La maternità surrogata all’esame delle Sezioni Unite

La posta in gioco e le conclusioni del Procuratore Generale

Il 12 gennaio le Sezioni Unite Civili della Cassazione hanno celebrato l’udienza riguardante il riconoscimento dell’adozione legittimante, pronunciata all’estero, in favore di una coppia dello stesso sesso: la vicenda è stata portata all’attenzione del massimo consesso giurisdizionale di legittimità dall’ordinanza della Prima sezione civile della Cassazione, n. 29071 depositata l’11 novembre 2019. Il Sostituto Procuratore Generale dr.ssa Luisa De Renzis ha depositato le proprie conclusioni scritte, inserite in una memoria approfondita e articolata, che pubblichiamo a seguire, finalizzate ad evitare il recepimento di adozioni straniere su base esclusivamente consensualistica.
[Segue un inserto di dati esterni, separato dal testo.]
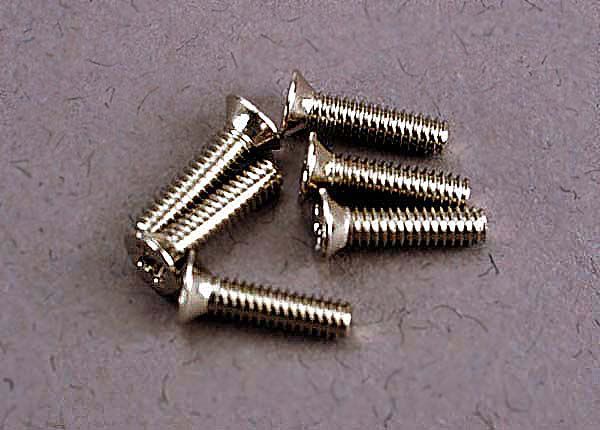 Traxxas Screws, 2x8mm Countersunk Machine (6)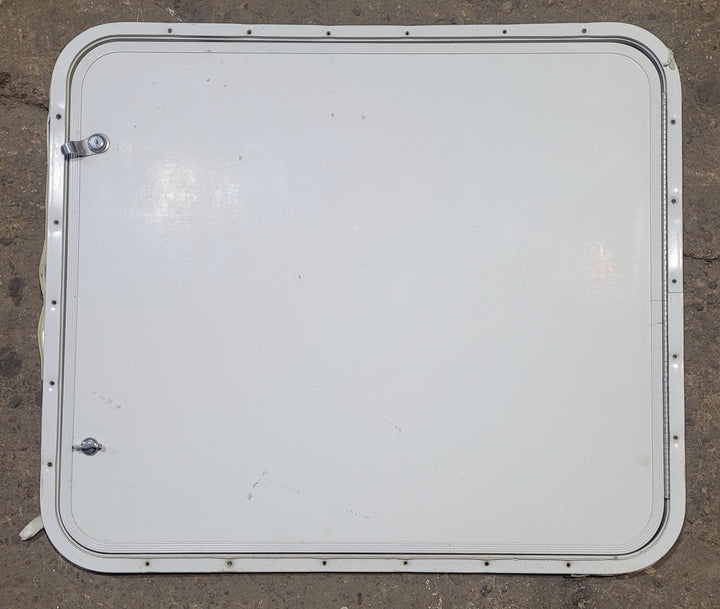 Used Radius Cornered Cargo Door 29 7/8" x 25 7/8" x 1/2"D - Young Farts RV Parts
Il Procuratore chiede così tutela dei diritti del minore e della donna, al fine di impedire che adozioni straniere, prive del doveroso previo accertamento sulla adottabilità del minore, divengano lo strumento per far penetrare all’interno del nostro ordinamento la pratica della maternità surrogata, vietata e sanzionata penalmente.